A Royal Air Force pilot battles the Luftwaffe during World War II in Forsyth’s historical novel.
This third installment of the adventures of Allan Chadwick follows the RAF squadron leader into war, which will challenge his skills as a pilot and position him as a catalyst in the innovation of aviation technology. He’s soon commanding a front-line squadron of Spitfire fighter planes in the Battle of Britain and gets shot down several times—once parachuting into the English Channel—in the course of ferocious dogfights with Germany’s fearsome Messerschmitt 109s. Chadwick then goes to work in the obscure but vital area of electronic navigation aids intended to improve the woeful accuracy of British bomber aircraft. He’s in the thick of designing equipment that uses radio beams to guide warplanes precisely to their targets and then testing it on bombing runs over German-occupied Europe. On one raid he gets shot down over France and embarks on a picaresque journey in which he beds a farmer’s two daughters, falls in with the Resistance, and, finally, hijacks a Messerschmitt 110 back to Britain. Put in charge of a precision-bombing unit, he stages a raid on Berlin that interrupts a speech by Luftwaffe chief Hermann Goering, who vows to take personal vengeance for the humiliation. The author, a former RAF pilot, paints a vivid panorama of the air war, including the daily grind of fighter combat that left veterans haggard and twitchy with stress; the hours-long, freezing-cold bombing runs punctuated by storms of anti-aircraft fire; the hair-raising crash landings; and the numbing drumbeat of deaths.
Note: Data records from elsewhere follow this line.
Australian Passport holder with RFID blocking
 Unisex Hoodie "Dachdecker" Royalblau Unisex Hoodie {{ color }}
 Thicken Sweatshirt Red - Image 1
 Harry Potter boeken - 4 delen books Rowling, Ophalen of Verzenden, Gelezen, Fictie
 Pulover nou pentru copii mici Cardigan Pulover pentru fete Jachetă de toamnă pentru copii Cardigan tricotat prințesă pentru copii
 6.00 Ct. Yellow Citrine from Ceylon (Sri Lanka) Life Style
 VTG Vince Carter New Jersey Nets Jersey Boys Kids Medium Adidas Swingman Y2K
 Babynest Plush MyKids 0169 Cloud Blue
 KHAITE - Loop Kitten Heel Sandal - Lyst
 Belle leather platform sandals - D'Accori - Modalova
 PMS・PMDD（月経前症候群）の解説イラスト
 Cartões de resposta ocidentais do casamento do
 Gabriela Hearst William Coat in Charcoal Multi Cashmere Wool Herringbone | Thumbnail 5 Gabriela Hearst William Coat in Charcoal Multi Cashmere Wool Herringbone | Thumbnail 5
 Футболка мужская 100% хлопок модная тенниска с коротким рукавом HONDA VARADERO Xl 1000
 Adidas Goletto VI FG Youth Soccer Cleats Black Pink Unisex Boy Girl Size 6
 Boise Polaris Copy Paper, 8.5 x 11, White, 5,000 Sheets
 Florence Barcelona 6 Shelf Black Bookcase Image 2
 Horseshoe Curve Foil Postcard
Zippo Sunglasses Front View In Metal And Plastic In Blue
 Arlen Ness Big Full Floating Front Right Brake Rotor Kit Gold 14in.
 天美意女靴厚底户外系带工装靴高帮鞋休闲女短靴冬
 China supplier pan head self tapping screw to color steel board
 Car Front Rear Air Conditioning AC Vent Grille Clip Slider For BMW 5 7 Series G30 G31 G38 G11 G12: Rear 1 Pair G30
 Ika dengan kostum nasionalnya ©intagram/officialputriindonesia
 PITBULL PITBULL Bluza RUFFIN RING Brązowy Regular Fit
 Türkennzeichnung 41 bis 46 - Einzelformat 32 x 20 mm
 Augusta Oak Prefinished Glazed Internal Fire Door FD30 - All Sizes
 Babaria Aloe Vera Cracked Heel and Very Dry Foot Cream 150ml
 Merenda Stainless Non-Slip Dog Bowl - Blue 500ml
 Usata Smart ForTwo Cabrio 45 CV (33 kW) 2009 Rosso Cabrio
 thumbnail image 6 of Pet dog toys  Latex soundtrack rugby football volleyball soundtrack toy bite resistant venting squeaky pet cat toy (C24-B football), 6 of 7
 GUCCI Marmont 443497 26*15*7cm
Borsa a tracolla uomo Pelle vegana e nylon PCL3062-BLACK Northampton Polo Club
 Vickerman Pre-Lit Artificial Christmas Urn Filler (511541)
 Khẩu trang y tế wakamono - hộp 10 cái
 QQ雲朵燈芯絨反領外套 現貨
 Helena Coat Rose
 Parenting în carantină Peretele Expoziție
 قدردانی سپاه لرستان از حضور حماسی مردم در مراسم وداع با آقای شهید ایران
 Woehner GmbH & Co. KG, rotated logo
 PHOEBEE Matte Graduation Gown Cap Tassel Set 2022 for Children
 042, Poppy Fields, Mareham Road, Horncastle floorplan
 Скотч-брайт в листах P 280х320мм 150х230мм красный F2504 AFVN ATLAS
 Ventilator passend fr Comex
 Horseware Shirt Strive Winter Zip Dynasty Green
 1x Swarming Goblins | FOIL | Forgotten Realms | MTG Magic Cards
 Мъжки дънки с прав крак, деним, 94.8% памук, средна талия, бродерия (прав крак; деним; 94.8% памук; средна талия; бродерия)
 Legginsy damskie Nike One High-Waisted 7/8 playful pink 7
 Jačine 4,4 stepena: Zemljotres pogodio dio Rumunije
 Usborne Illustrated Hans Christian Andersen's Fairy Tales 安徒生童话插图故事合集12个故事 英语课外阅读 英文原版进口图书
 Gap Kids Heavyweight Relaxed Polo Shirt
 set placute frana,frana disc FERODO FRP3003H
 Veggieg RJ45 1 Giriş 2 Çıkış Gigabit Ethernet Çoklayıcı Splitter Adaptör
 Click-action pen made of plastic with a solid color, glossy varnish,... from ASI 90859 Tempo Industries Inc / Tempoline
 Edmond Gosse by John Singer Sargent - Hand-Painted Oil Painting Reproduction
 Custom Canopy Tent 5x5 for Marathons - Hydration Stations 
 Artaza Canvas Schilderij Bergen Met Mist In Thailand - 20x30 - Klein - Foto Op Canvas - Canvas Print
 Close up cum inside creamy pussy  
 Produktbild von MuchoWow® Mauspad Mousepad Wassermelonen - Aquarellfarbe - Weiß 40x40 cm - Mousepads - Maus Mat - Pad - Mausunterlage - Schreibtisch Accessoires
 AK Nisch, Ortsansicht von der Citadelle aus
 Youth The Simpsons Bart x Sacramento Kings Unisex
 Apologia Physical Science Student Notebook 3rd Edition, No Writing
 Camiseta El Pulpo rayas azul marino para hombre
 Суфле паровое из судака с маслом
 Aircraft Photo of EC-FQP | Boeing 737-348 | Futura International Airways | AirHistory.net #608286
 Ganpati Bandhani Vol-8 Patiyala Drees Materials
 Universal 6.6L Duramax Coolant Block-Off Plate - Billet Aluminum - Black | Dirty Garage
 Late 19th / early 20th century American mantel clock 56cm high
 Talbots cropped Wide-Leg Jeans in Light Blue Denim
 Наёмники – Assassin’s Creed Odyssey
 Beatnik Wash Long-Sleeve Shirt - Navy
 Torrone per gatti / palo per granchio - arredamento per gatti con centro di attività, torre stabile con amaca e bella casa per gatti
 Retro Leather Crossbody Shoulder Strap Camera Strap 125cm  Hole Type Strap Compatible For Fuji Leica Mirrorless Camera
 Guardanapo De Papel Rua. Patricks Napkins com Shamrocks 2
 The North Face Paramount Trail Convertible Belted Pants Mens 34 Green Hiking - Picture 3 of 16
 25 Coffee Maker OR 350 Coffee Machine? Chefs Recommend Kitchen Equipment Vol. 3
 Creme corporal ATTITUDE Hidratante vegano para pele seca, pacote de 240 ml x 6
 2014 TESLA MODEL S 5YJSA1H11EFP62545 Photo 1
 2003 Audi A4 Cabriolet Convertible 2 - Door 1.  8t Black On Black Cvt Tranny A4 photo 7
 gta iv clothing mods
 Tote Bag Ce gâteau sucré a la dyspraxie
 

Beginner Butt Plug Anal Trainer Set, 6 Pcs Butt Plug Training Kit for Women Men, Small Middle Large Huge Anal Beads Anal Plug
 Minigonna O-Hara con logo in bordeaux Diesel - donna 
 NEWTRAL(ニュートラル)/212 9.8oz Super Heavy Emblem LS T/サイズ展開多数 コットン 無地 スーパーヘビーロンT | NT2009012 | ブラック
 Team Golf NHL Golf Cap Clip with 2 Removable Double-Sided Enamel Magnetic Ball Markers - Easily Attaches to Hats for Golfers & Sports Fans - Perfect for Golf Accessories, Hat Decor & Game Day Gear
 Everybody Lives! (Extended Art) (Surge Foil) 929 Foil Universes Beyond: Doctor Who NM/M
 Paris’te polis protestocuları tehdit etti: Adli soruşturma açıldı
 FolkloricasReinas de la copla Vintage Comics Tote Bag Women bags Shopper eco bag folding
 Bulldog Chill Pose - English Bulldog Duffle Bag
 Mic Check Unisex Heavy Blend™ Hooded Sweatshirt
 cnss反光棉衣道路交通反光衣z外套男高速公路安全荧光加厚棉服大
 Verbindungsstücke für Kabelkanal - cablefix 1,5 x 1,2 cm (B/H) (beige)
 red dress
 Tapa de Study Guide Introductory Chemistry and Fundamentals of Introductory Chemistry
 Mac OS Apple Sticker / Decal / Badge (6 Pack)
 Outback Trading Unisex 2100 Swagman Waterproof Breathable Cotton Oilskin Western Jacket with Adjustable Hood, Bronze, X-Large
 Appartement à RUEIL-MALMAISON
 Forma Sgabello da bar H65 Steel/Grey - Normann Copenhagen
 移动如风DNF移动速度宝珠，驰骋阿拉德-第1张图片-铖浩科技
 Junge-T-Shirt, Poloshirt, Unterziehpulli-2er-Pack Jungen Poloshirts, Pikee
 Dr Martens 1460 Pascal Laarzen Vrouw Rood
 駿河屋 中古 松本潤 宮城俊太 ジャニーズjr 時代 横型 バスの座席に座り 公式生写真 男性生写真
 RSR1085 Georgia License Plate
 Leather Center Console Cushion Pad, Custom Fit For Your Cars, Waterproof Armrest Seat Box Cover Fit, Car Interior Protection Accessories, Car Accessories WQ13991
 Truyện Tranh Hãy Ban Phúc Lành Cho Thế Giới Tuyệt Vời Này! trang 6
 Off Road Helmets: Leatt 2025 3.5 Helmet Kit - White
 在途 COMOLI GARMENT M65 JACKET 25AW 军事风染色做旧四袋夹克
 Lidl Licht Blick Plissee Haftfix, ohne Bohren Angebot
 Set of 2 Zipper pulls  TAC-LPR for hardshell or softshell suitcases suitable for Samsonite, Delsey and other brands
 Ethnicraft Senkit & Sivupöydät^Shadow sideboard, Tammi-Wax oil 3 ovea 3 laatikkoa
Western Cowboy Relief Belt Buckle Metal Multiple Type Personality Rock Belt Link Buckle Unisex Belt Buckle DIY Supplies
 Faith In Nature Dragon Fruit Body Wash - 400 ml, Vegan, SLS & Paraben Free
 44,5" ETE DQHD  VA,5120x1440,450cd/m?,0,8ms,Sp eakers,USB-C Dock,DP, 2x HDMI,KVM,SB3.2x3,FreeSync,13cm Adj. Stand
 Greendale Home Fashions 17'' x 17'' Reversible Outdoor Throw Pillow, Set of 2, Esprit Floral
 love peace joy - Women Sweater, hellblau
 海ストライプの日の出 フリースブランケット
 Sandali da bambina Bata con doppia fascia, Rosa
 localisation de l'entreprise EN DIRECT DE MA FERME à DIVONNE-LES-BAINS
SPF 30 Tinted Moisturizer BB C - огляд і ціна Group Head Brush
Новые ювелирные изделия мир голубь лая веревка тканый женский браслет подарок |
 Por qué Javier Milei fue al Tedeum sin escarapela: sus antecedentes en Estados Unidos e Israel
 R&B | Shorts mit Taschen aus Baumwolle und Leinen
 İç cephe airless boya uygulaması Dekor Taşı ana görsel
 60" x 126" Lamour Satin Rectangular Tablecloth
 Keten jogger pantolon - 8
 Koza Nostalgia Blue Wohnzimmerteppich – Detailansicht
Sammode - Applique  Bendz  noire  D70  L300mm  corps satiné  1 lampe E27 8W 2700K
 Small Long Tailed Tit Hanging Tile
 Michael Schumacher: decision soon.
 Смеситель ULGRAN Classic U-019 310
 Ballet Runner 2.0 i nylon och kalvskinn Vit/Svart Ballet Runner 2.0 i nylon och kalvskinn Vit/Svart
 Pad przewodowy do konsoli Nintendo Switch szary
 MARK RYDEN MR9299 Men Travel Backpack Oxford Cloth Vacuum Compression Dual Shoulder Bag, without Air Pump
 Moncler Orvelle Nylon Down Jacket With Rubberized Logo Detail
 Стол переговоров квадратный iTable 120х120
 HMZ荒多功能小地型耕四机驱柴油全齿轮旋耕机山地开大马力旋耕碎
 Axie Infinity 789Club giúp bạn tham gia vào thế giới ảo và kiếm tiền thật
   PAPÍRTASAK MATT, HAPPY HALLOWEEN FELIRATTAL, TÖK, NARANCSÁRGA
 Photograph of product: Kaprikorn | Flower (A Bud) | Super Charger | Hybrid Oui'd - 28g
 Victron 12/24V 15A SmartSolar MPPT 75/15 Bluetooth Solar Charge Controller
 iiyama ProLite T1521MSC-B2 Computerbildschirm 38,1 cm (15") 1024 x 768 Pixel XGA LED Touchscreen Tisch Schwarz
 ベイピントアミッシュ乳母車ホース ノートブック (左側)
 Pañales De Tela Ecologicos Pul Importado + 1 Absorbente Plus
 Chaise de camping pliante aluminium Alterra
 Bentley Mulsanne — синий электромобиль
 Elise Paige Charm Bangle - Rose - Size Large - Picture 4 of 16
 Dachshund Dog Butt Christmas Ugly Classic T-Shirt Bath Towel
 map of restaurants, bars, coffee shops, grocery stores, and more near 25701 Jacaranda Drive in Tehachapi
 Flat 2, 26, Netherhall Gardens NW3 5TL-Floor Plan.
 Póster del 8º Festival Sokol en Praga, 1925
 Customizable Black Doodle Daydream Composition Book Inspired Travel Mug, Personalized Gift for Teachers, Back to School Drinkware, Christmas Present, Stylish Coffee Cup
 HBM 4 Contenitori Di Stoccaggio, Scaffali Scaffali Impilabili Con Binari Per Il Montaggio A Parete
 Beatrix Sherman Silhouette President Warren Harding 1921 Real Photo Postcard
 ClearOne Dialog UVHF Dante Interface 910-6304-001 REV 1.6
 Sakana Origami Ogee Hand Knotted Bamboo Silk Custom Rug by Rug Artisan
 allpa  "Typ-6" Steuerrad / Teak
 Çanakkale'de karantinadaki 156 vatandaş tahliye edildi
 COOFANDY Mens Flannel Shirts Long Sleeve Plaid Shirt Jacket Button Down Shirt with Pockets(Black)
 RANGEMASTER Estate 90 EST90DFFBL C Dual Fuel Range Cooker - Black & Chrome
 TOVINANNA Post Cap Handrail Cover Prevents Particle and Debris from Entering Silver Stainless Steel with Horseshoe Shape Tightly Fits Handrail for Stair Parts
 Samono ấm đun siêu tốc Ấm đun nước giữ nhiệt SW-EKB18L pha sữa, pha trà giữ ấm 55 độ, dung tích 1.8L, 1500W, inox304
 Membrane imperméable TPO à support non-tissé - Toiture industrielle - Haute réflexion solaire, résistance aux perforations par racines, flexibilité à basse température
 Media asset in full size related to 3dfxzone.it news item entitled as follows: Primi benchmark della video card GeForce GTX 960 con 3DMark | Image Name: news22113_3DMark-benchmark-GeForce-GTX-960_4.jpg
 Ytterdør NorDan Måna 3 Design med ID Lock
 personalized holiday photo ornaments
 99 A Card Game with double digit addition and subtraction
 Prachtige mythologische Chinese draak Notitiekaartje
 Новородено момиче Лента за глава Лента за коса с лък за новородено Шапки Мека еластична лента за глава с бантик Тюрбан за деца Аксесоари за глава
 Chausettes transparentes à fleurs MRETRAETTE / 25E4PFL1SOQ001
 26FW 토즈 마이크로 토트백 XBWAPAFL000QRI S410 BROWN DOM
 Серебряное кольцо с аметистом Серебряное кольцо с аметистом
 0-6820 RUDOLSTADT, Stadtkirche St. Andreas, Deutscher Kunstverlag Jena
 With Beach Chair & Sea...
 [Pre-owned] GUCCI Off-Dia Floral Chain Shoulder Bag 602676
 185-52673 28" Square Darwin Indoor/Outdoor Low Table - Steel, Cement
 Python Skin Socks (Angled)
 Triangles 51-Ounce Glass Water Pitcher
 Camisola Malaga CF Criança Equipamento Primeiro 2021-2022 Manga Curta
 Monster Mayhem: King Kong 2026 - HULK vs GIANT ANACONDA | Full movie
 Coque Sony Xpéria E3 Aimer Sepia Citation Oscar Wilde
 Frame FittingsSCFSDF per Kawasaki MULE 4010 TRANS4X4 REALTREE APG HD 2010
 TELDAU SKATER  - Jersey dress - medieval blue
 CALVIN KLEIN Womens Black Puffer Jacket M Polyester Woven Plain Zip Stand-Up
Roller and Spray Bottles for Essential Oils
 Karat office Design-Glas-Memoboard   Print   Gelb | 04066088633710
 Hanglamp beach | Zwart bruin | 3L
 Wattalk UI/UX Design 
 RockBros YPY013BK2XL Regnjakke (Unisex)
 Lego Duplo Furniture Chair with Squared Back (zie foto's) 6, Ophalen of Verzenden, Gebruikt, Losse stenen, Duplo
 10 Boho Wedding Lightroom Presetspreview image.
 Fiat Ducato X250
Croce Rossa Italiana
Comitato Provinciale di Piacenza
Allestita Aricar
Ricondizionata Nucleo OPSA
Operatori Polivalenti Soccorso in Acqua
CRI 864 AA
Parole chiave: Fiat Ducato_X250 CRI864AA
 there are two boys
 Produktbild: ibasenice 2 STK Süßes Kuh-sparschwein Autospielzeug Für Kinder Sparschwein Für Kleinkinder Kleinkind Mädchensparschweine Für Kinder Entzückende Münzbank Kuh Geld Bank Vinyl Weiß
His writing mixes fascinating deep dives into the gadgetry and tactics of aerial combat with gripping action scenes conveyed in brutally evocative prose (“Ramsey was prostrate besides his seat, his body lacerated by dozens of shrapnel fragments. His head sagged, and Chadwick could see he was practically decapitated”). Chadwick is an appealing hero—stoic and resourceful, but quietly marked by the horrors unfolding around him.
A captivating war novel that immerses readers in the craft of killing and its somber results.